**GOAL OF THE EXERCISE:**
Wherever an image appears in the data, omit it and copy all the remaining text word for word.

**DATA SEGMENT:**
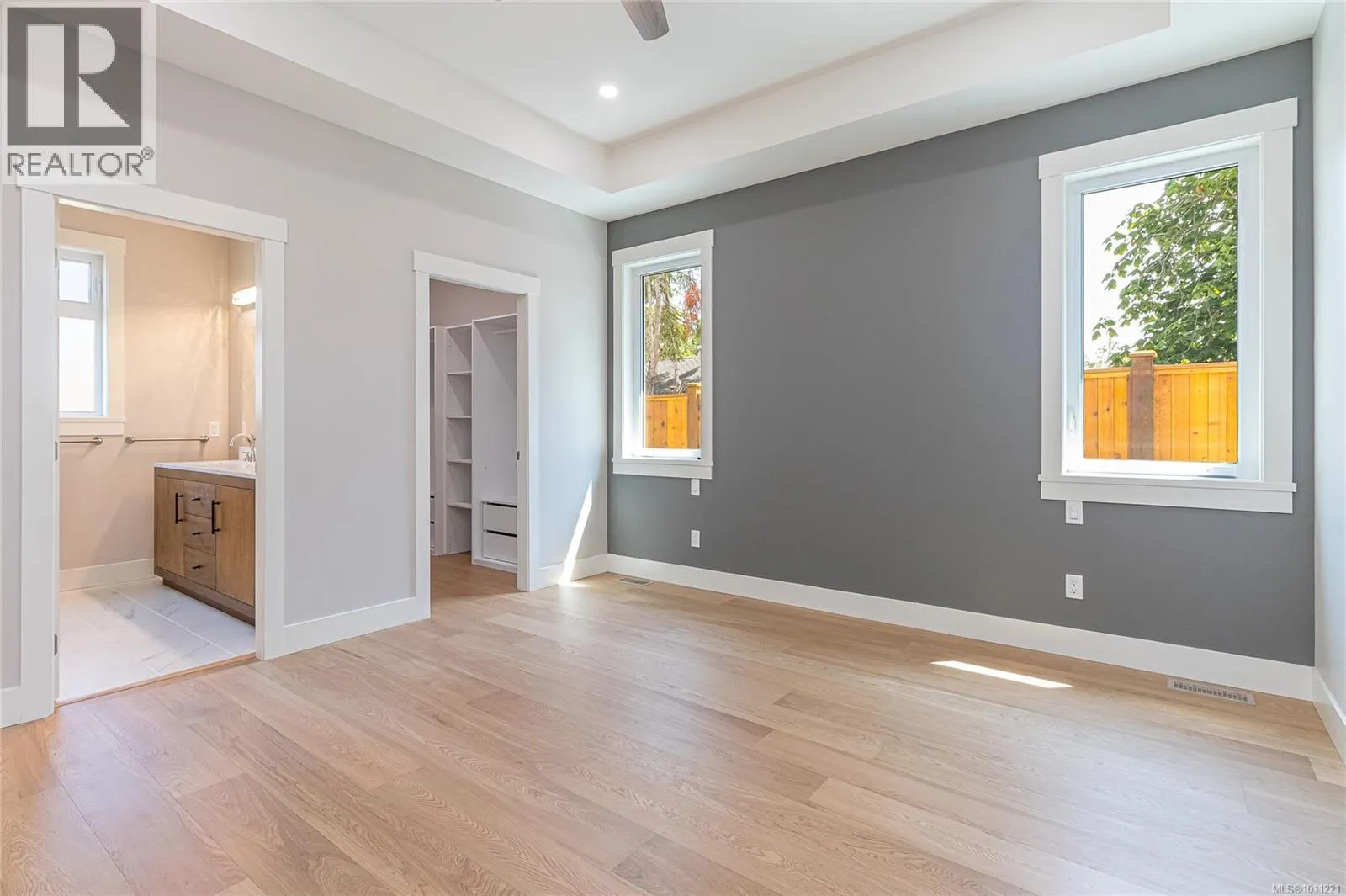 317 Pioneer Cres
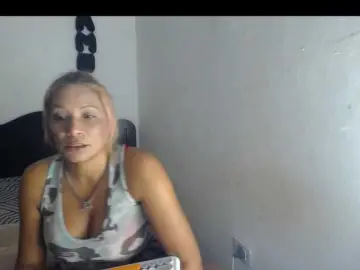 GeicerTito  live sex cam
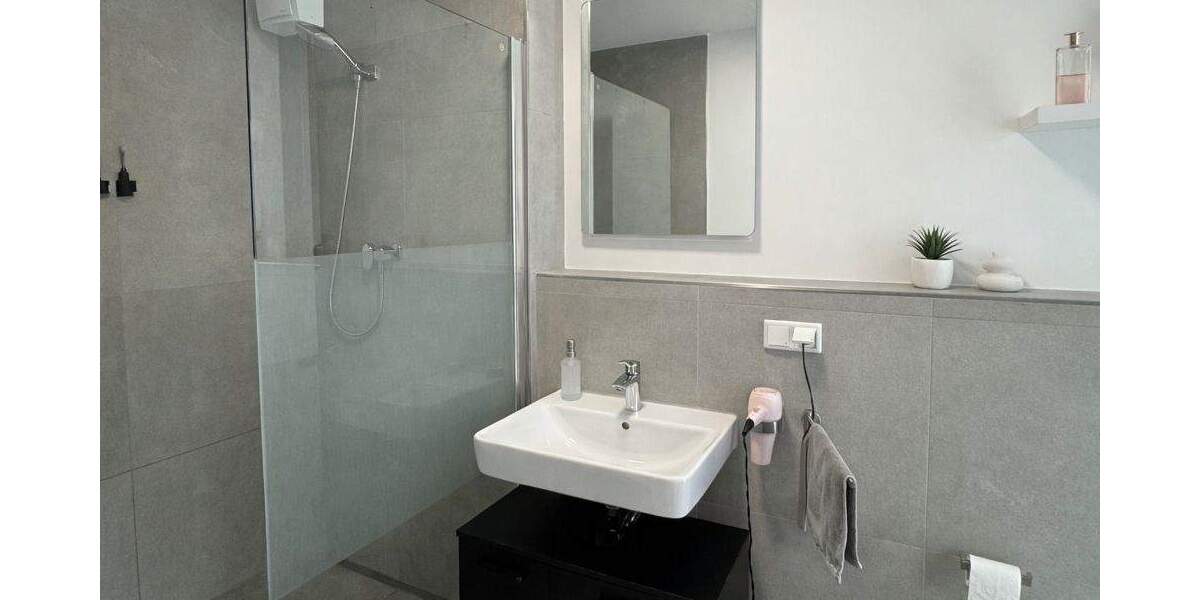 NEUER PREIS: Moderne 3-Zimmer-EG-Wohnung mit Terrasse - ideal für Paare, junge Familien & Senioren 3 zimmer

**EXERCISE OUTPUT:**
 317 Pioneer Cres
 GeicerTito  live sex cam
 NEUER PREIS: Moderne 3-Zimmer-EG-Wohnung mit Terrasse - ideal für Paare, junge Familien & Senioren 3 zimmer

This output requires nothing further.